Современников Рембрандт пишет как родственников — ищет сходства. Эрмитажные портреты пожилых и печальных обитателей XVII века подчеркивают, что человек состоит из времени. Человек — это возраст и взгляд, причем возраст означает не сколько прожито, но — главным образом — сколько осталось. А взгляд говорит, что модель знает свой приговор. (Пожаловаться нечем: вместо рта — щель, как у маски.) Все прочее — причуды костюмера: тюрбан или берет, кружевной воротник, золотая застежка. И больше ничего не разглядеть: лоснятся красноватые потемки, обволакивают фигуру. Как будто люди живут в темноте.
Как будто художник думал, что жизнь не праздник и не подвиг, а скорее похожа на терпеливое блуждание по краю ночи, в зыбких пределах души.
Какое странное, какое ненадежное пространство! Ни клочка неба, ни пяди земли, нет линии горизонта, ни деревца, ни ручейка, ни камня. Иногда проглянет в глубине картины тусклый и небрежный театральный задник — и это все. А перспектива сомнительна, и тела не чувствуют своей тяжести, не уверены в объеме, который занимают, — всё как в зеркале. И человеческие лица сияют из теплой живой тьмы, какую можно увидеть, только закрыв глаза. Она течет и клубится, она прозрачна и бездонна, очень много краски тратится на нее.

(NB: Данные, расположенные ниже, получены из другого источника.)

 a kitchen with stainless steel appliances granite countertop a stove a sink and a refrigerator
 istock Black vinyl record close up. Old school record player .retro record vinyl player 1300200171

Рембрандт пластает световым лучом эту вязкую, безвоздушную среду. Луч падает куда хочет, а откуда — неизвестно; то распылится во мгле, то вдруг ударит прямо в человека. В природе не бывает такого освещения. Невольно подумаешь о ночной страже, о потайном фонаре. Но именно такие пылающие обрывки выхватывает из небытия наша память.